## Exercise directions
Although the records contain pictures, none belong in the copy: restate word for word only the lines from the one with "Ini 10 Pesepak Bola Terbaik Dekade Ini" through the one with "Realvolution clients - distribution", both included.
=== Provided material ===
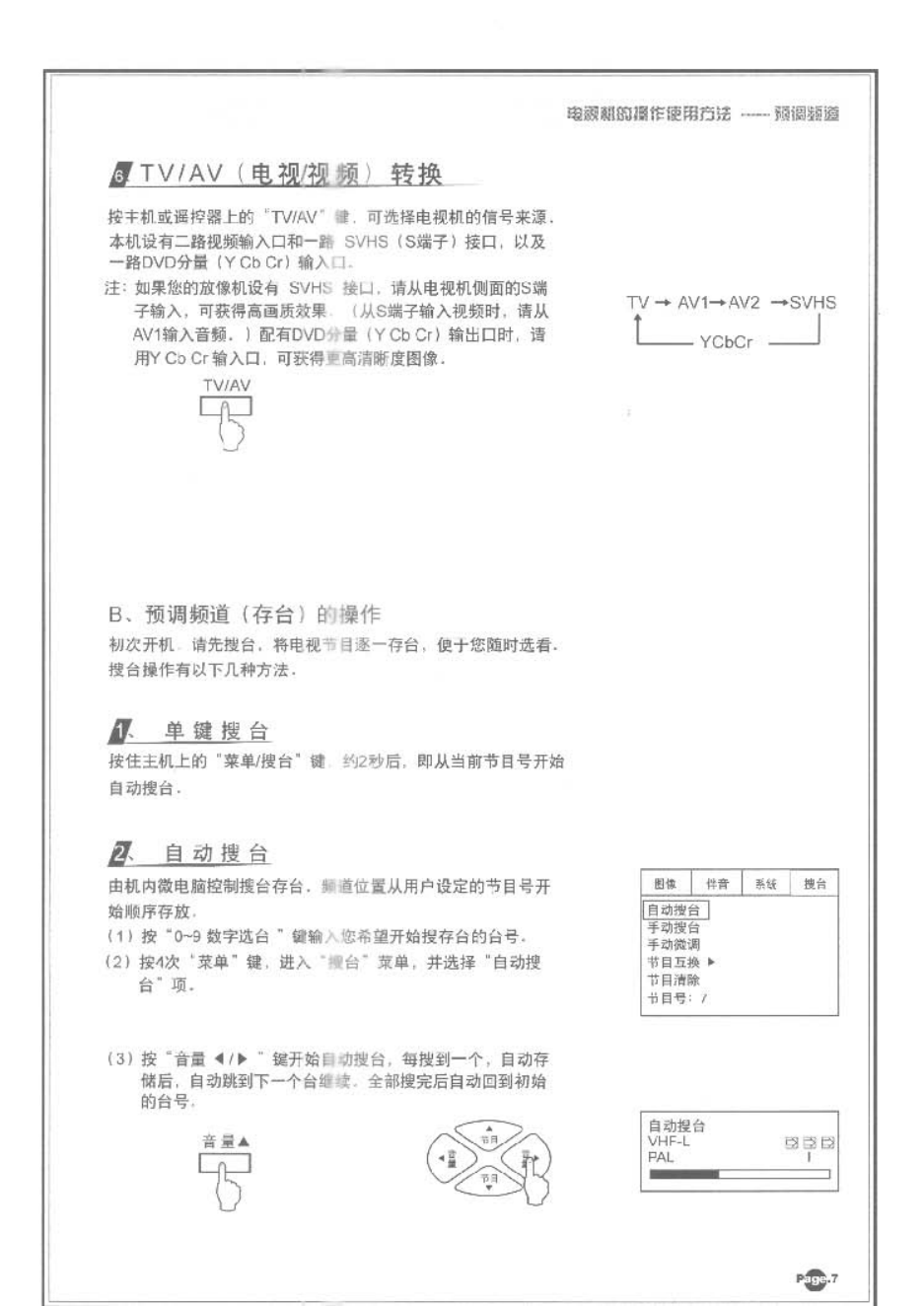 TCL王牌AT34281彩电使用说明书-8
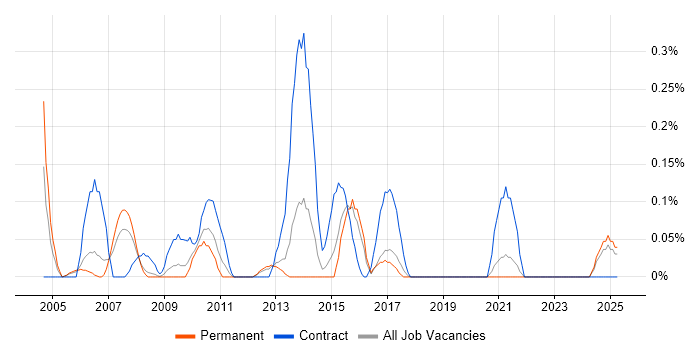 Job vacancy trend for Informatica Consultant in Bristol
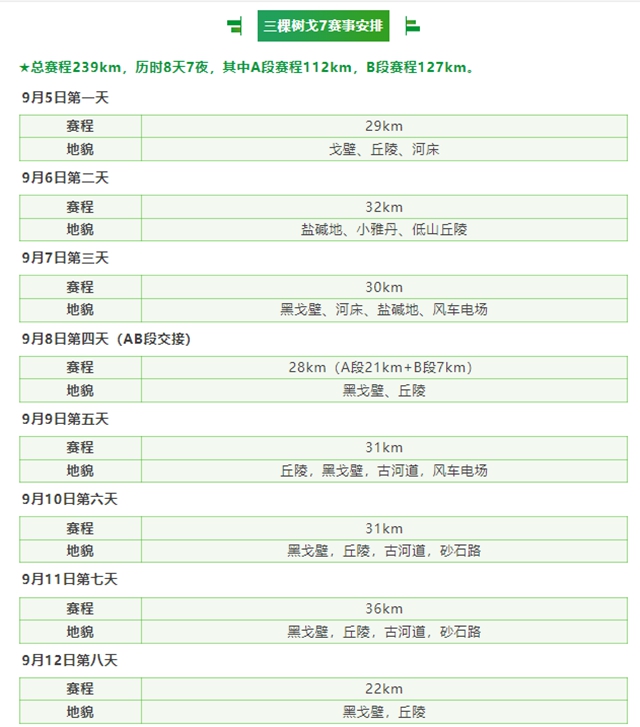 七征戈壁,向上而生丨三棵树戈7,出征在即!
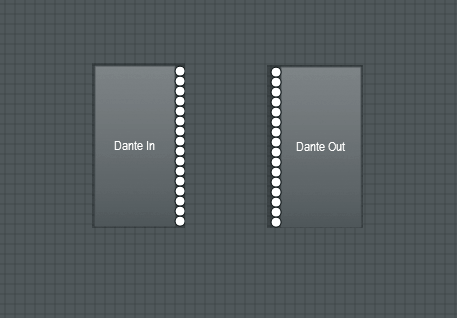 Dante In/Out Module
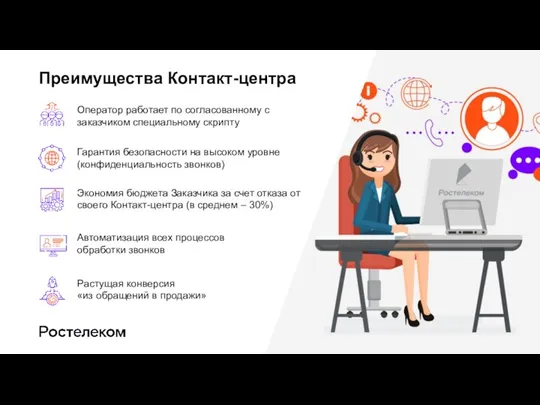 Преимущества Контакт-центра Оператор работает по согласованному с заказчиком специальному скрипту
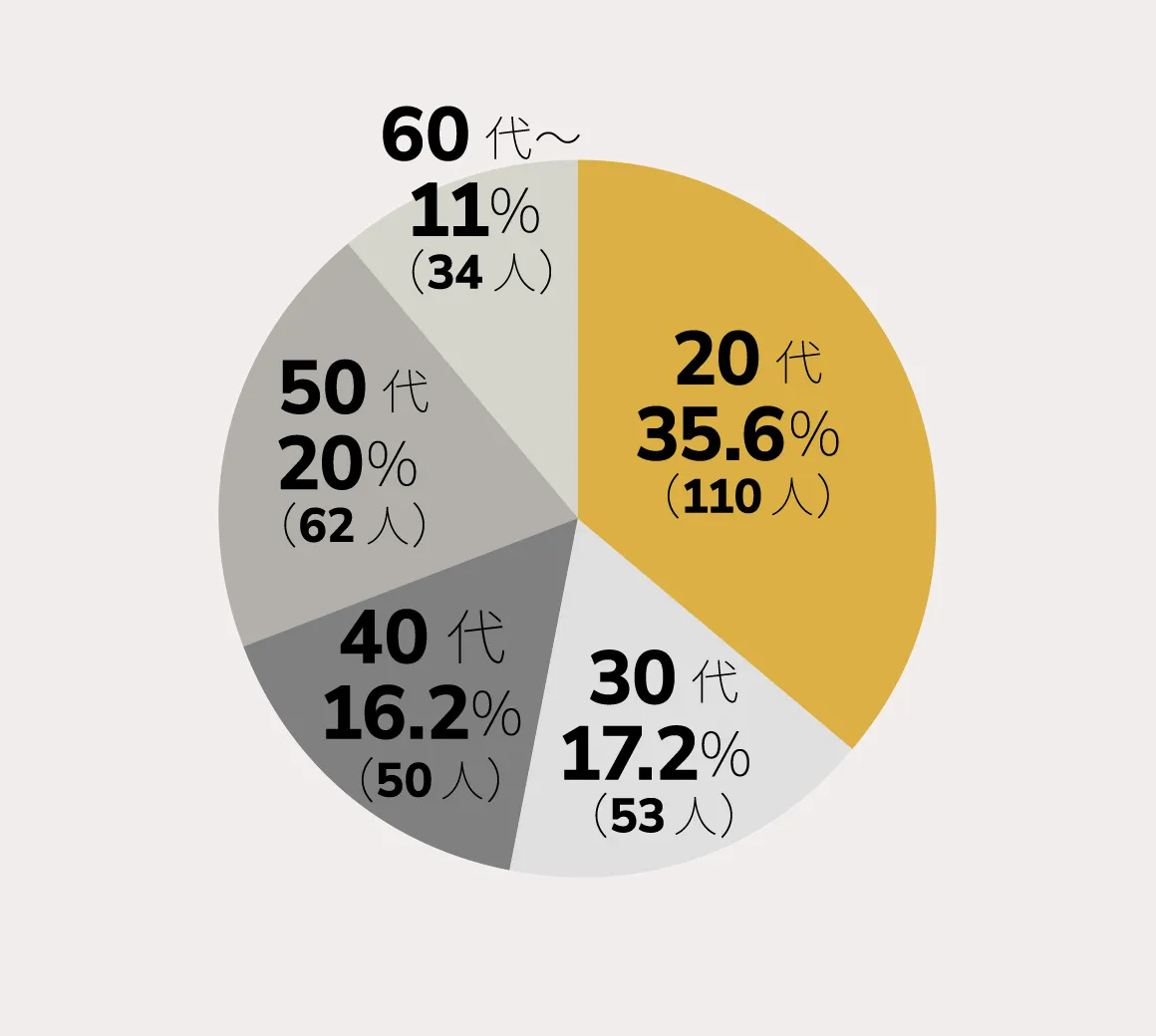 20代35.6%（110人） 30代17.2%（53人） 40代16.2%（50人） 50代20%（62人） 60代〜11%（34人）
===
=== Provided material ===
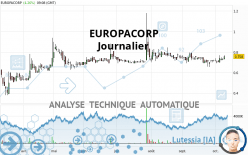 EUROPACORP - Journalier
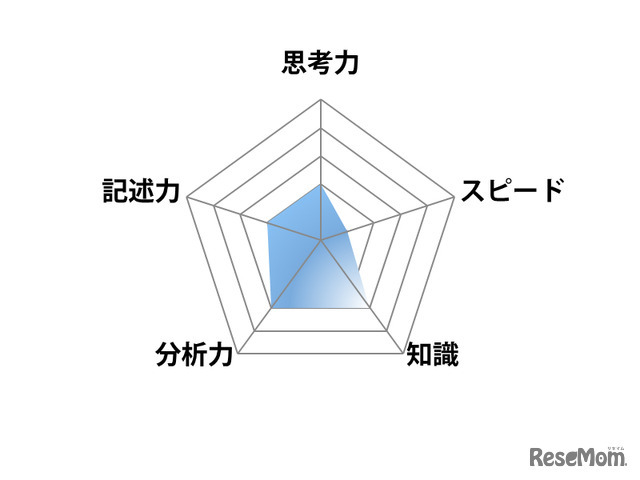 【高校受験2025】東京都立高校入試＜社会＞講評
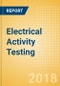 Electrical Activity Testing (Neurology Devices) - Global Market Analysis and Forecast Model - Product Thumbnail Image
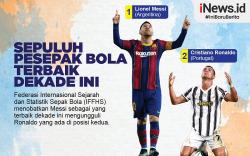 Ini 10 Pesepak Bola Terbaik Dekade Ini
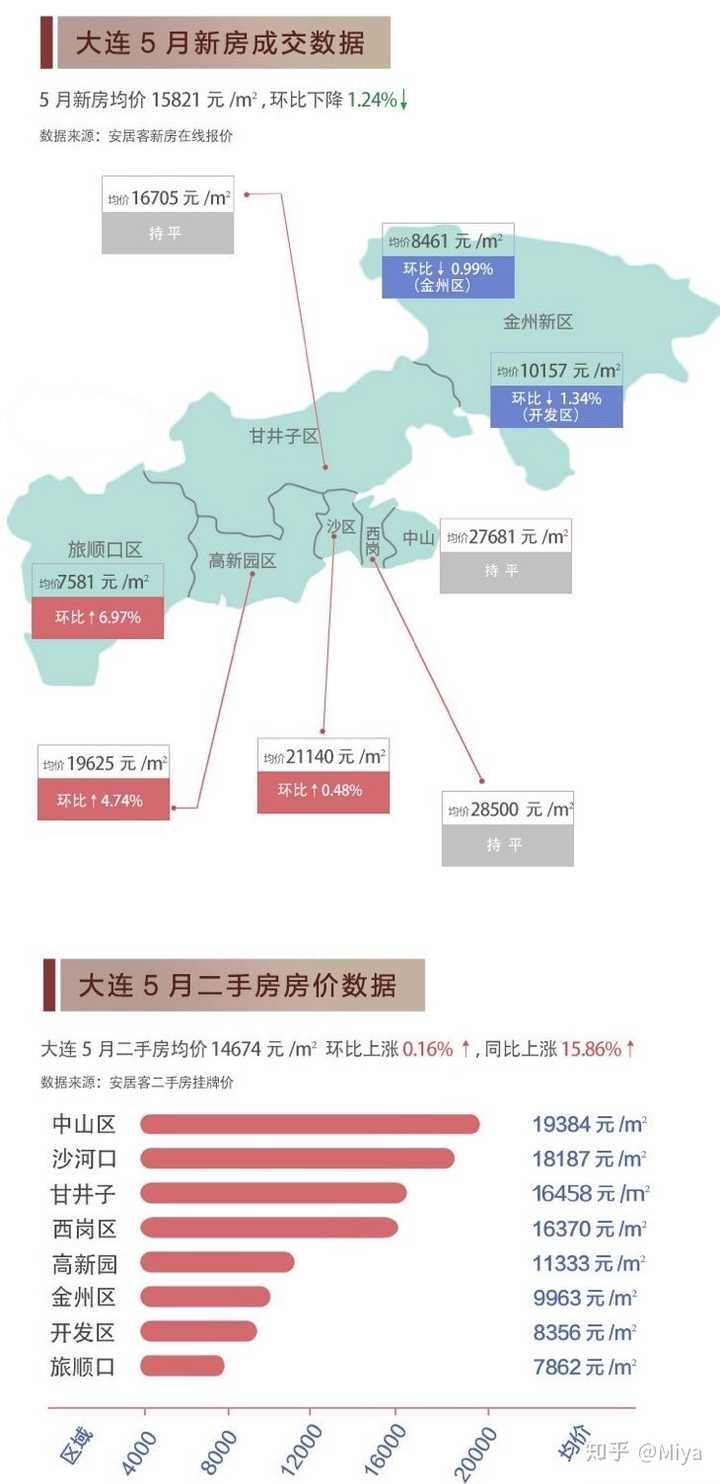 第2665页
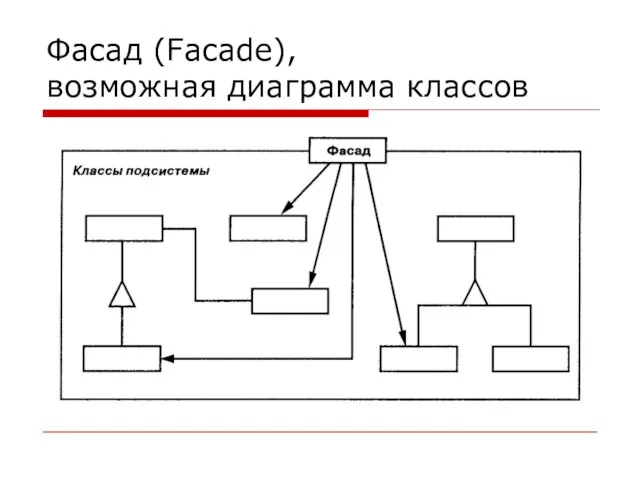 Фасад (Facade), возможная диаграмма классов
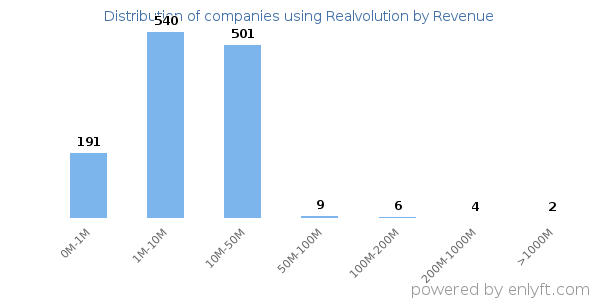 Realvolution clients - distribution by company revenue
===
## Response to this task
 Ini 10 Pesepak Bola Terbaik Dekade Ini
 第2665页
 Фасад (Facade), возможная диаграмма классов
 Realvolution clients - distribution by company revenue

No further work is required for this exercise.